▶ **WORK REQUIRED**: Reproduce the listing exactly, with no pictures in your copy.

DATA RECORDS: Begin

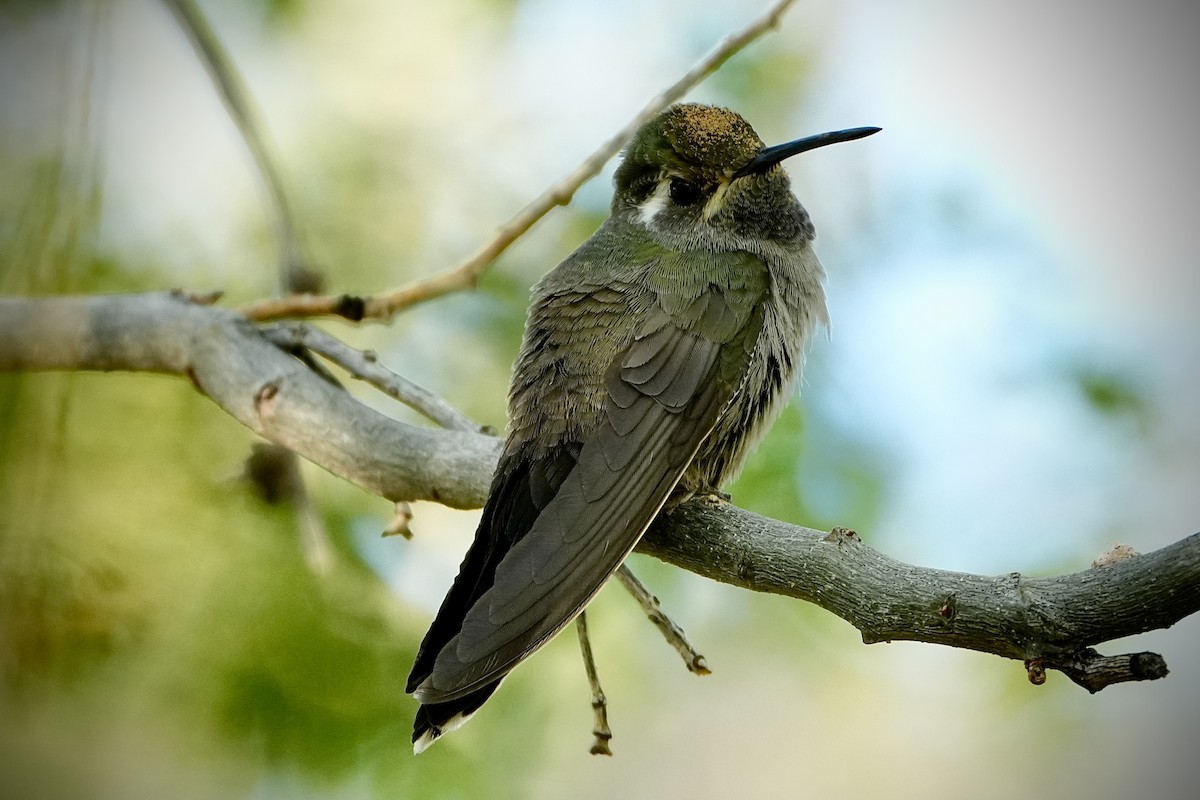 Blue-throated Mountain-gem - ML646447893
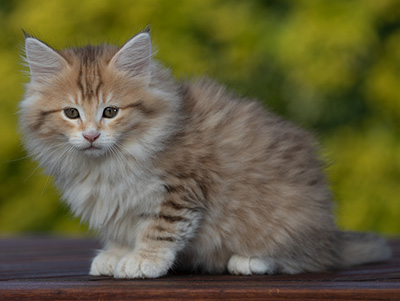 Rohan - 9 weeks old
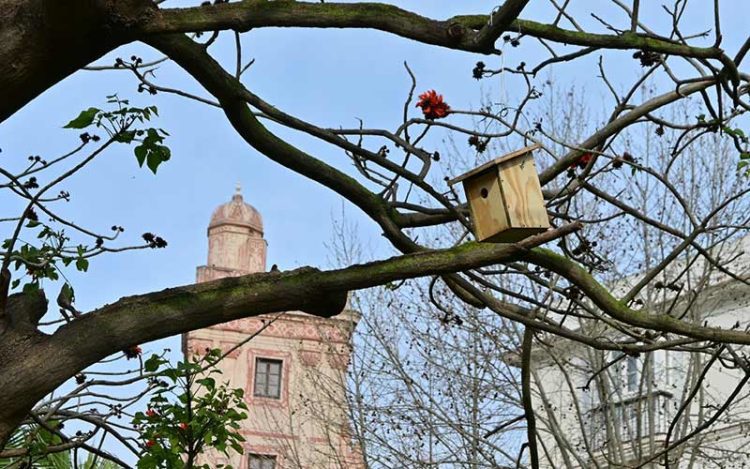 Una de las cajas nidos colocadas en la plaza de España / FOTO: Eulogio García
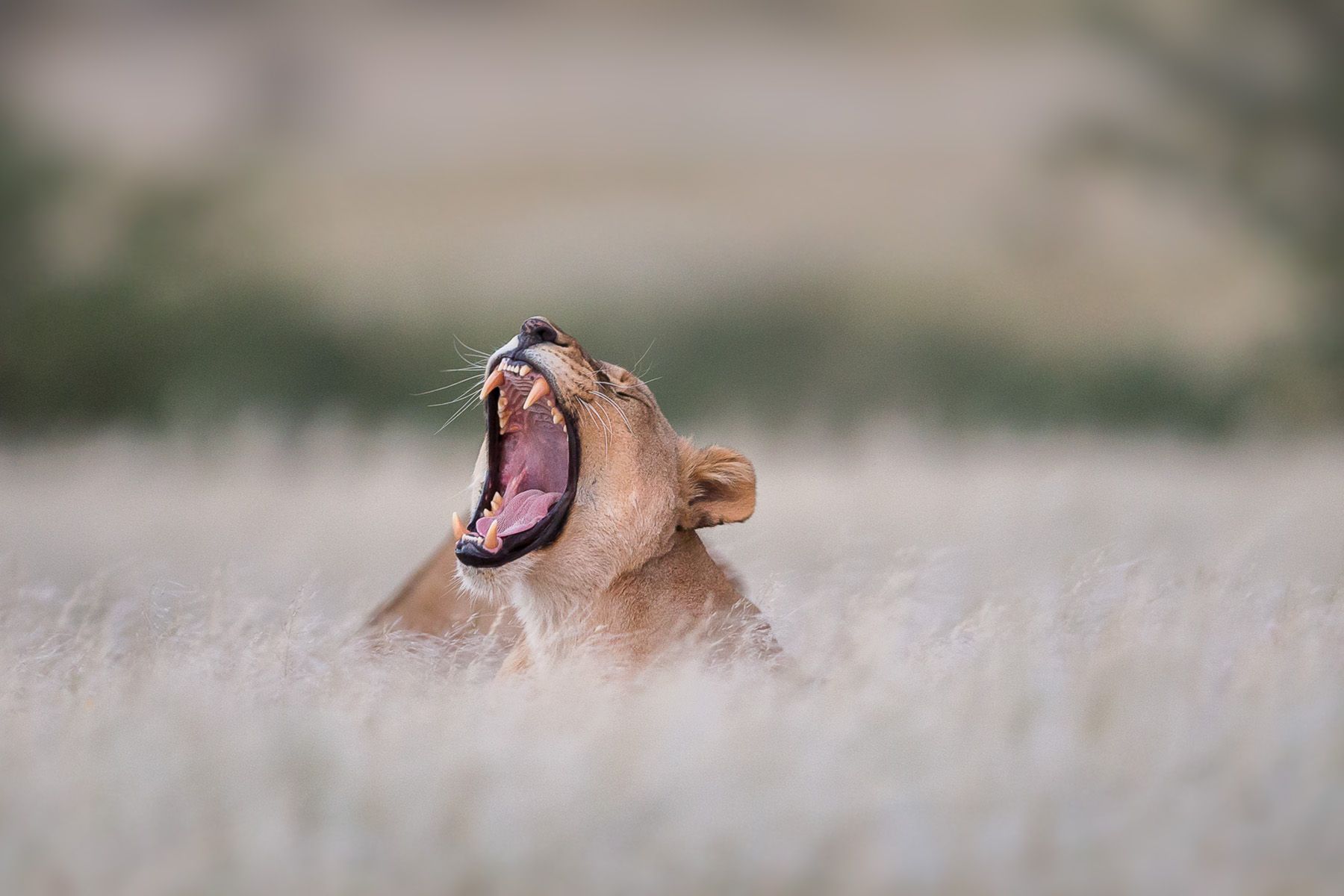 Africa Photography by Joshua Holko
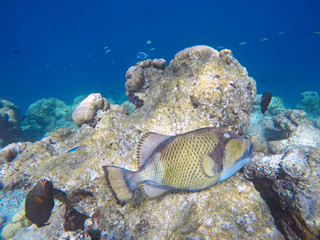 Titan trigger fish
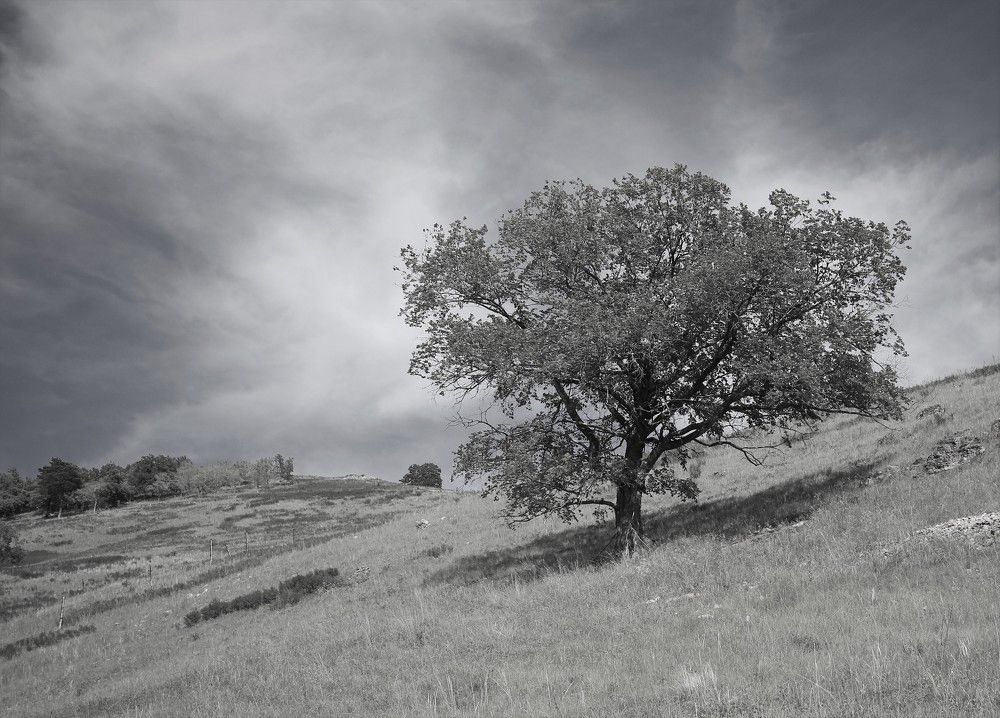 Photograph by Марина Юрченко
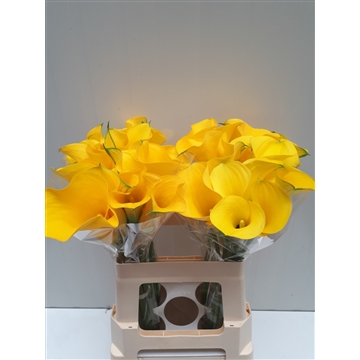 Zantedeschia Yelloween 60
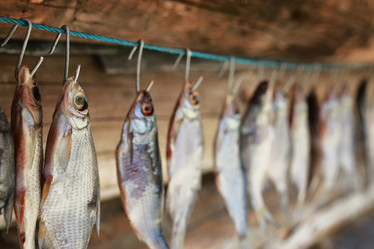 Similar image 12206048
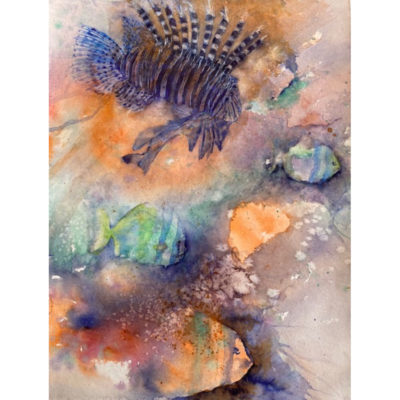 "Poisson lion"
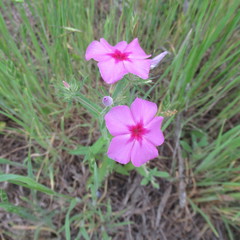 Phlox drummondii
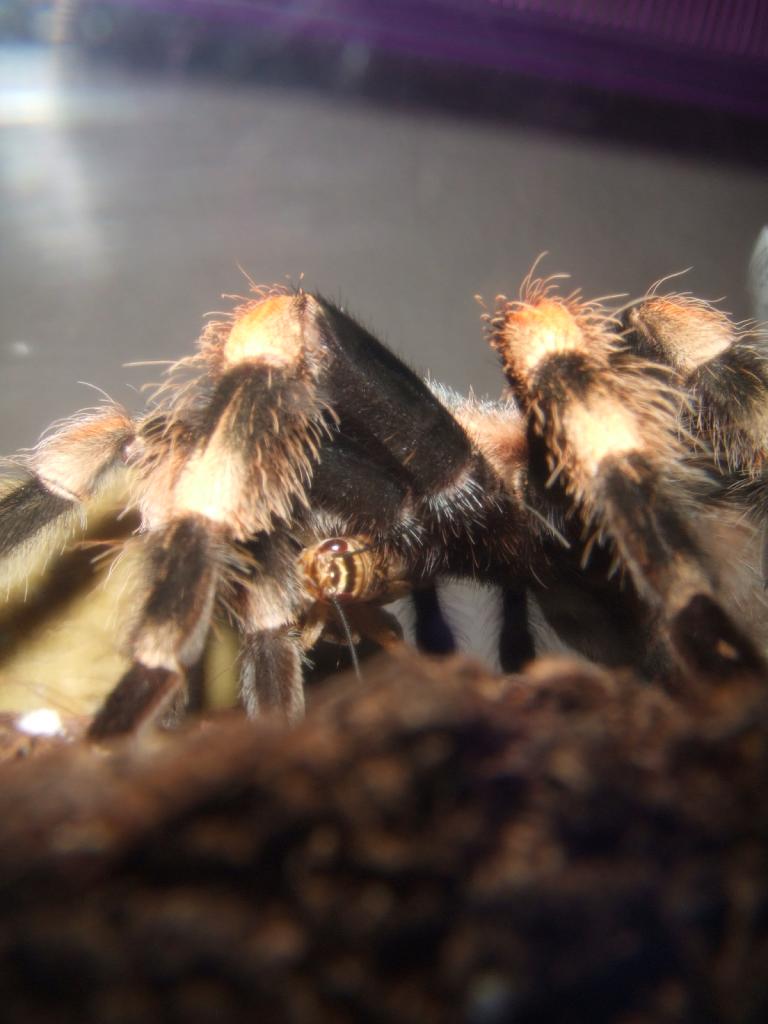 Female Brachypelma smithi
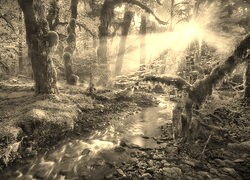 Szary + Sepia
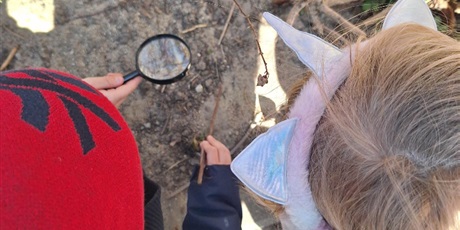 Powiększ grafikę: male-lupy-wielkie-odkrycia-zerowka-na-tropie-wiosny-682653.jpg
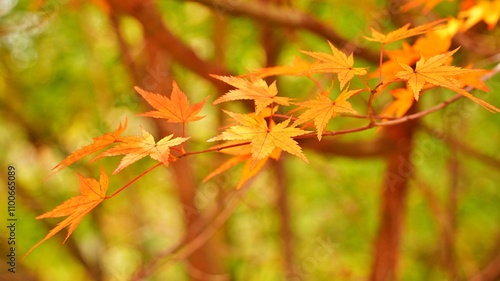 Autumn scenery of Seoknamsa Temple in Korea photo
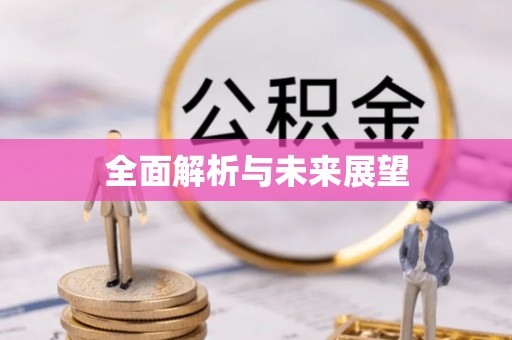 霞山全面解析与未来展望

DATA RECORDS: End

▶ **RESULT FOR THIS EXERCISE**:
 Blue-throated Mountain-gem - ML646447893
 Rohan - 9 weeks old
 Una de las cajas nidos colocadas en la plaza de España / FOTO: Eulogio García
 Africa Photography by Joshua Holko
 Titan trigger fish
 Photograph by Марина Юрченко
 Zantedeschia Yelloween 60
 Similar image 12206048
 "Poisson lion"
 Phlox drummondii
 Female Brachypelma smithi
 Szary + Sepia
 Powiększ grafikę: male-lupy-wielkie-odkrycia-zerowka-na-tropie-wiosny-682653.jpg
 Autumn scenery of Seoknamsa Temple in Korea photo
 霞山全面解析与未来展望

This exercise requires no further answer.